À Thorigné-Fouillard, Arum a ouvert ses portes sans crier gare. Derrière cette nouvelle table axée sur la cuisson à la braise et le feu de bois, on retrouve Sébastien Maigrot, un ancien cadre de la finance passé notamment par le Crédit Lyonnais et Deutsche Bank. Ouvert le 10 février 2026, son restaurant a nécessité plus de 500 000 euros d’investissement, hors acquisition des murs, pour réhabiliter une ancienne imprimerie. Cette dernière a nécessité une rénovation lourde, avec une reprise de l’isolation, la création de réseaux d’eau et d’électricité, et l’ajout d’une cuisine professionnelle flambant neuve. Le financement repose en partie sur FPMF, la holding familiale fondée par les parents de Sébastien Maigrot, qui porte déjà les participations du groupe familial et ses investissements.

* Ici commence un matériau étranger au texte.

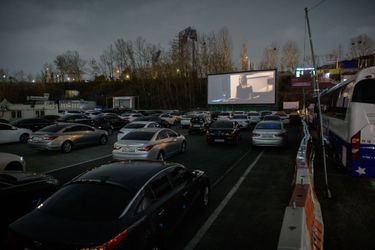 Cinéma en plein air à Séoul, le 21 mars 2020.
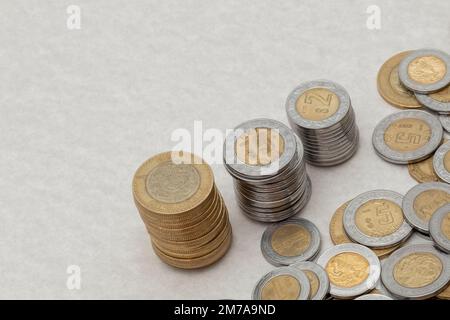 pila di monete messicane in peso di varie denominazioni, con spazio per le copie. Foto Stock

L’établissement fonctionne avec quatre salariés en CDI, dont deux en cuisine et deux en salle. Dans l’assiette, Arum mise sur une carte courte. Le midi, l’offre s’articule autour d’une viande, d’un poisson et d’une proposition végétarienne. Plus largement, la carte repose sur trois entrées, deux plats et trois desserts, avec plusieurs rotations hebdomadaires.
Cuisine à la braise
L’adresse revendique aussi quelques marqueurs plus identifiables de la cuisine à la braise, comme la côte de bœuf, l’entrecôte ou les ribs. Côté boissons, la cave approche déjà les 30 références. À terme, Arum doit disposer de 60 places assises à l’intérieur, auxquelles s’ajouteront deux terrasses représentant une quarantaine de places supplémentaires.

L’offre culinaire s’articule autour de la cuisson à la braise. © 7Jours/Rolland
Sébastien Maigrot, qui tablait initialement sur un ticket moyen compris entre 23 et 24 euros, dit évoluer aujourd’hui entre 28 et 30 euros, boissons comprises. Depuis l’ouverture, Arum enregistre en moyenne une trentaine de couverts par jour. Un niveau que le dirigeant juge encourageant, d’autant qu’aucune campagne publicitaire n’a accompagné le lancement. Le restaurateur voit déjà plus grand. Arum est pensé comme un restaurant pilote. D’ici un à deux ans, Sébastien Maigrot veut éprouver le modèle avec l’idée de constituer d’abord un premier réseau de trois unités avant d’envisager, plus tard, de franchiser le concept.